A few days ago a red team friend of mine shared with me a screenshot from OpenAI’s notice about how their data analytics provider, Mixpanel, had suffered a breach and lost some of OpenAI’s customers’ “limited customer identifiable information”. This was followed with a screenshot that this “limited” information actually included (and I quote):
Name that was provided to us on the API account
Email address associated with the API account
Approximate coarse location based on API user browser (city, state, country)
Operating system and browser used to access the API account
Referring websites
Organization or User IDs associated with the API account
I made a joke and went about my day, busy as ever. I then saw this story pop up once again briefly on my timeline which I didn’t pay much attention to. Then I was chatting with a customer and I mentioned how dangerous it was that so many organisations were sending vast quantities of their data (commercial and otherwise) to a handful of AI provider companies, like OpenAI and Anthropic.
This is when I suddenly remembered about the breach, and the reality of the situation actually hit me.
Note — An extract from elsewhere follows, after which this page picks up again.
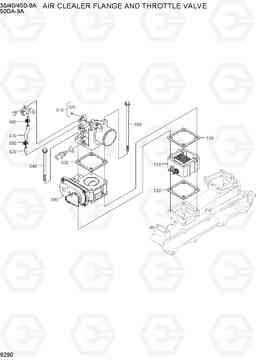 9290 AIR CLEANER FLANGE AND THROTTLE VALVE 35/40/45D-9A,50DA-9A, Hyundai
Why on earth wasn’t this bigger news? Why did it seem like no one was talking about it? Data privacy, and more specifically AI providers hoarding our data, has been the talk of the town in AI security for years now, so why was the fact that OpenAI has lost a relatively sensitive set of customer PII not being lorded as the ‘I told you so!’ moment we have long thought it might be?
To understand the reasons, we first need to understand what happened. As ever, I’ll break it down nice and simply here to save you the hassle.
On Nov 9 2025 one of OpenAI’s suppliers called Mixpanel suffered a cyber breach. Mixpanel was a third-party web analytics provider that essentially allows OpenAI to better understand how many people are using their API product (platform.openai.com) and what they are using it for. This is a common thing for companies to outsource, and anecdotally I’ve known of Mixpanel for many years and they have over 8k enterprise customers.
The details of what happened Mixpanel-side are less talked about, but what we know is that attackers conducted a smishing attack (literally SMS-based phishing) which resulted in attackers gaining unauthorised access to part of their systems. From here they exported a dataset which contained “limited customer identifiable information and analytics information”.
Now, it is important to note that this was on OpenAI’s API product, not their frontier product ChatGPT. However, it is the API product (platform.openai.com) which most developers and enterprises will be using, so that isn’t necessarily good news.
Despite trying to dress this up as ‘not a big deal’, this was important and sensitive data. Names, locations, emails, recent sites visited, user ID and even what type of computer the user has. Whilst they were very clear that this did not include chat data, passwords, API keys or payment details this is still a worrying collection of data, and companies have made headlines for far less.
Remember that Personally Identifiable Information (PII) - which is what things like GDPR were created to protect - is defined as any data which can be used to identify a living person directly or indirectly. It does not have to be sensitive, it simply has to allow someone to identify who the data is about, and to potentially allow them to target that person. Well, with the name, location, email address, userID and laptop of a person you can do a lot more than just identify who they are, but you could launch a very specialised phishing attack against them personally with a worrying amount of information at your disposal.
This is the main take away from OpenAI, saying that they are contacting all of those who were affected but that users of the platform should remain vigilant to targeted social engineering attacks. OpenAI also mentioned that they have ceased their relationship with Mixpanel and have removed it from all products, which I guess they have to do to be seen to be being responsible and taking action.
Well, if you were one of those that were affected by this then it means you need to be staying extra attentive to further cyber attacks, as the cybercriminals now have a lot of juicy data about you. However, one of the key things that is omitted from OpenAI’s write up is how many customers were affected. We’ve seen this trend from big companies in the past - they notify everyone about the breach (as they must do lawfully in the EU) but they make it sound like it wasn’t a big deal. Months later they quietly release more information like how many records were stolen only for us to find out in retrospect that it was an enormous loss of customer data - I wouldn’t be surprised if that is that is happening here.
More widely though this shows that these large AI companies are still subject to all of the same security challenges that the rest of us face. OpenAI’s entire supply chain (all of the different third-parties, technologies and products that allow them to do what they do) must be enormous, and through any one of those avenues we could see a breach. This is no different to any large org, but the difference is just how juicy OpenAI are as a target.
Think about it - millions of users and countless organisations have been using OpenAI’s services for years now, many of whom do not understand that they should not be sharing sensitive or personal information with OpenAI, who will store it unless you ask them not to. That means that somewhere locked away in their data centres OpenAI are hoarding probably the largest collection of personal and corporate data that has ever been seen. This would be quite literally the holy grail of data breaches if attackers could get their hands on it, and I do not think it was an accident that the Mixpanel attackers just so happened to steal OpenAI’s data out of the 8k customers they have.
We’ve long said that the centralisation of data in just a handful of companies that is currently happening with AI is creating a scary reality and amount of power. It is also putting an enormous target on the back of OpenAI, Anthropic, or the thousands of companies that support them.